[YOUR INSTRUCTIONS] Each record below needs to be copied out exactly as it stands.

[INPUT RECORDS]
▼
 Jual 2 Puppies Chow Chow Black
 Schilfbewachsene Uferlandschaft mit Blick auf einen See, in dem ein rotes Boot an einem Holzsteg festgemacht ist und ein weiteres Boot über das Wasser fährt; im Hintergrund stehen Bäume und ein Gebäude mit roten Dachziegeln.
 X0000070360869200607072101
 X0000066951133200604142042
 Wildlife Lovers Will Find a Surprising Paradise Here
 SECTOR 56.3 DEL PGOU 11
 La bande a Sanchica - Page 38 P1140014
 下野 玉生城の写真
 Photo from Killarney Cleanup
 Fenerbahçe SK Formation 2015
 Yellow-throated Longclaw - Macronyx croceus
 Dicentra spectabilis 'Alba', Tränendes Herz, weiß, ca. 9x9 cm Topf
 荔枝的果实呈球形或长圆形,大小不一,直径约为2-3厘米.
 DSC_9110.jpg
▲
[TASK RESPONSE]
 Jual 2 Puppies Chow Chow Black
 Schilfbewachsene Uferlandschaft mit Blick auf einen See, in dem ein rotes Boot an einem Holzsteg festgemacht ist und ein weiteres Boot über das Wasser fährt; im Hintergrund stehen Bäume und ein Gebäude mit roten Dachziegeln.
 X0000070360869200607072101
 X0000066951133200604142042
 Wildlife Lovers Will Find a Surprising Paradise Here
 SECTOR 56.3 DEL PGOU 11
 La bande a Sanchica - Page 38 P1140014
 下野 玉生城の写真
 Photo from Killarney Cleanup
 Fenerbahçe SK Formation 2015
 Yellow-throated Longclaw - Macronyx croceus
 Dicentra spectabilis 'Alba', Tränendes Herz, weiß, ca. 9x9 cm Topf
 荔枝的果实呈球形或长圆形,大小不一,直径约为2-3厘米.
 DSC_9110.jpg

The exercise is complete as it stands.